Dr. Adewopo has been diversifying his scientific research interests and activities in order to contribute in addressing major challenges related to management of agroecosystems, on one hand, and development of digital tools for agronomic decision-support in smallholder farming systems, on the other hand. His research seeks to generate data-driven evidence regarding sustainability of intensively managed agroecosystems. He has also been leading new approaches to collect data on crop yield and commodity prices, which are both critical variables for early warning on food security.
“Fortunately, we now have the basic tools and technologies, so I keenly seek to transform the realities of farmers by empowering them to improve their livelihoods through enhanced access to tools, information, and resources needed to optimize their farm-level returns,” adds Dr. Adewopo.
During his doctoral studies at the University of Florida, the Nigeria-born scientist pioneered research on the long-term (>22 years) effects of land-use change on soil carbon in subtropical agroecosystems. His novel, system-focused research integrates methods for in-situ assessment of changes in soil carbon stocks, soil CO2 efflux, and the stability of soil carbon under land-use management gradient.
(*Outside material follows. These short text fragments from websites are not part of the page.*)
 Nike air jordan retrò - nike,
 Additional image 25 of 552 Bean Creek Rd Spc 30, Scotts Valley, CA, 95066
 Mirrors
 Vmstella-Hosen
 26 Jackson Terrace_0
At the International Institute of Tropical Agriculture (IITA), he has led geospatial aspects of a project focused on innovative co-development and co-validation of smartphone-based tools for digital agronomic decision-support among smallholder maize farmers in Nigeria, Tanzania, and Ethiopia.
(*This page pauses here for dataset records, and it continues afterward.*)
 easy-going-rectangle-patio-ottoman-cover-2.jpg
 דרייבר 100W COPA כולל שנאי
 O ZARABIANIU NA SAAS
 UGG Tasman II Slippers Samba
“Also, I have led multi-locational application of drones in smallholder maize farms to assess its potential for rapid mapping of farm-land area and in-season grain yield and variability estimation,” notes Dr. Adewopo. Finally, in collaboration with European Commission Joint Research Center (EC-JRC), he developed an unprecedented smartphone-based, daily food-price crowdsourcing application from 750 pilot-volunteers in Nigeria which has generated 100,000 data-points within 6-months, covering diverse market-segments in the region of interest.
Together with his colleagues, Dr. Adewopo’s scientific endeavors continue to generate impacts by contributing towards the improvement of farmers’ livelihoods, and strengthening of national extension delivery systems across multiple national frontiers. He is advancing the use of digital tools to rapidly collect and integrate rich geo-referenced data to improve system-level decision-support for smallholder sub-Saharan African farmers. “For instance, my research on the application of UAV-derived geospatial data for yield and agronomic assessment, coupled with real-time commodity price crowdsourcing, is considered as top-priority for farmers and commodity aggregators who often make trade deals/contracts based on unreliable yield expectation and non-transparent prices,” he argues.
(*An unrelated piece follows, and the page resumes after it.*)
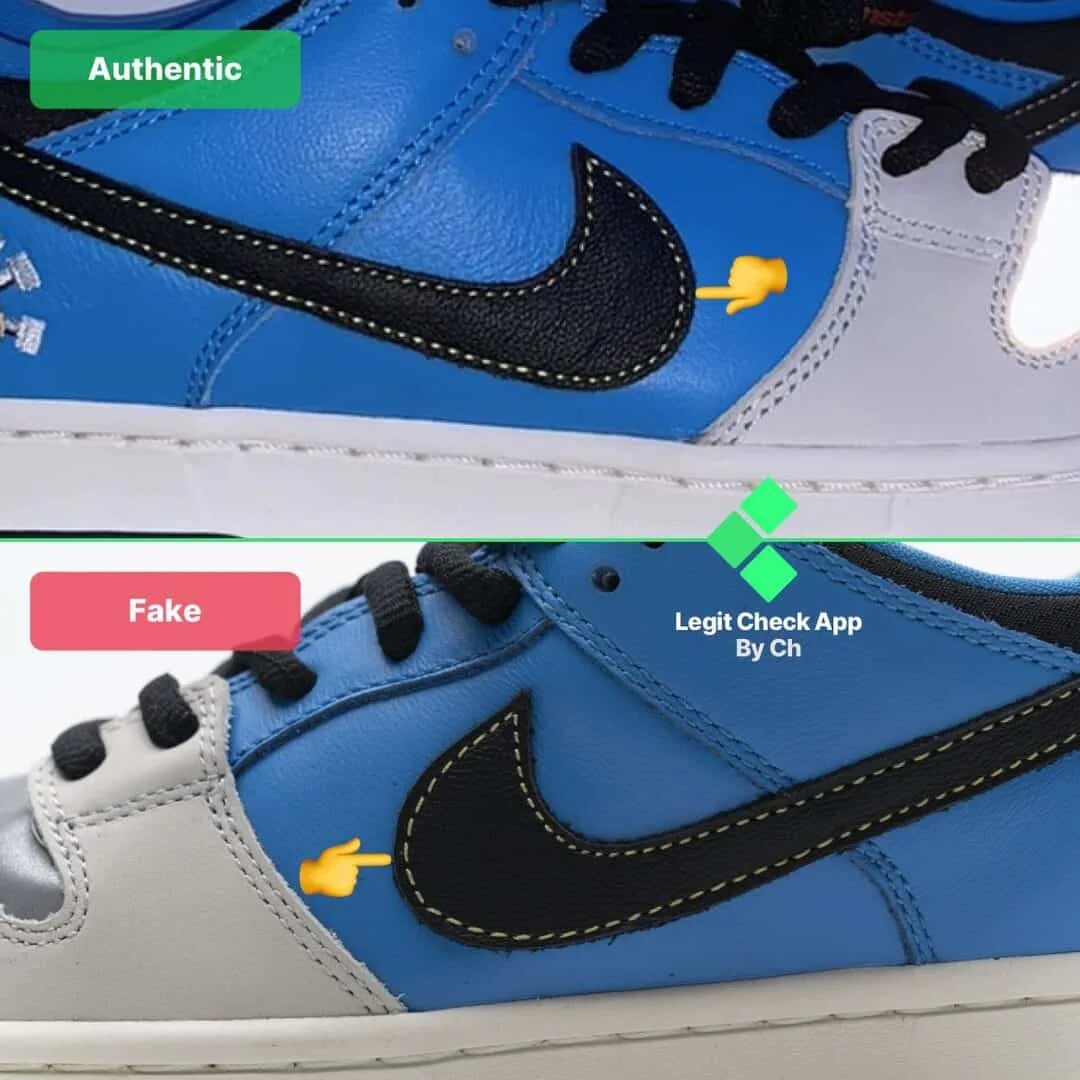 Nike Dunk Low UNC (2021). Nike Dunk SB legit check. Nike Dunk real vs fake. Nike SB Dunk Low real vs fake. Проверка кроссовок найк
In the next two to five years, Dr. Adewopo and his team anticipates that their intensive data-driven insights will support rapid and timely agricultural data collection that can empower governments and institutions to deploy relevant interventions such as measures to minimize market-related shocks, based on anticipated magnitude of yield variability prior to the season’s end.
Dr. Julius Adewopo is an Associate GeoData Scientist at the International Institute of Tropical Agriculture in Kigali, Rwanda.